Data items:
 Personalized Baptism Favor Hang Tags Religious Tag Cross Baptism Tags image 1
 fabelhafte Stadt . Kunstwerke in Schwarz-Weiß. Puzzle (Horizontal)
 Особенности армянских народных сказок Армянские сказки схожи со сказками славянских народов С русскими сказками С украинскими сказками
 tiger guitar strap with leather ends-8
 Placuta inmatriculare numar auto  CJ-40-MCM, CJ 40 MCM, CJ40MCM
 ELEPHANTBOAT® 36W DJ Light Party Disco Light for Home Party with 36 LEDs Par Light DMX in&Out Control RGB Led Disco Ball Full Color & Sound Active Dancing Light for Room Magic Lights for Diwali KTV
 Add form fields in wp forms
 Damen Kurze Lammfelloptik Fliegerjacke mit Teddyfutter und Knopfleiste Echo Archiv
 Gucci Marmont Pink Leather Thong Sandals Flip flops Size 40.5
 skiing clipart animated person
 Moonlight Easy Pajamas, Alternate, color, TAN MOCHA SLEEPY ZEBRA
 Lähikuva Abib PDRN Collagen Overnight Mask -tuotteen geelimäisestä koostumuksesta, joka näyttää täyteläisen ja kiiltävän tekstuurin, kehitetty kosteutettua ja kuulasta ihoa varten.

* [What this task involves] Repeat every entry exactly as written above.

* [Your solution]
 Personalized Baptism Favor Hang Tags Religious Tag Cross Baptism Tags image 1
 fabelhafte Stadt . Kunstwerke in Schwarz-Weiß. Puzzle (Horizontal)
 Особенности армянских народных сказок Армянские сказки схожи со сказками славянских народов С русскими сказками С украинскими сказками
 tiger guitar strap with leather ends-8
 Placuta inmatriculare numar auto  CJ-40-MCM, CJ 40 MCM, CJ40MCM
 ELEPHANTBOAT® 36W DJ Light Party Disco Light for Home Party with 36 LEDs Par Light DMX in&Out Control RGB Led Disco Ball Full Color & Sound Active Dancing Light for Room Magic Lights for Diwali KTV
 Add form fields in wp forms
 Damen Kurze Lammfelloptik Fliegerjacke mit Teddyfutter und Knopfleiste Echo Archiv
 Gucci Marmont Pink Leather Thong Sandals Flip flops Size 40.5
 skiing clipart animated person
 Moonlight Easy Pajamas, Alternate, color, TAN MOCHA SLEEPY ZEBRA
 Lähikuva Abib PDRN Collagen Overnight Mask -tuotteen geelimäisestä koostumuksesta, joka näyttää täyteläisen ja kiiltävän tekstuurin, kehitetty kosteutettua ja kuulasta ihoa varten.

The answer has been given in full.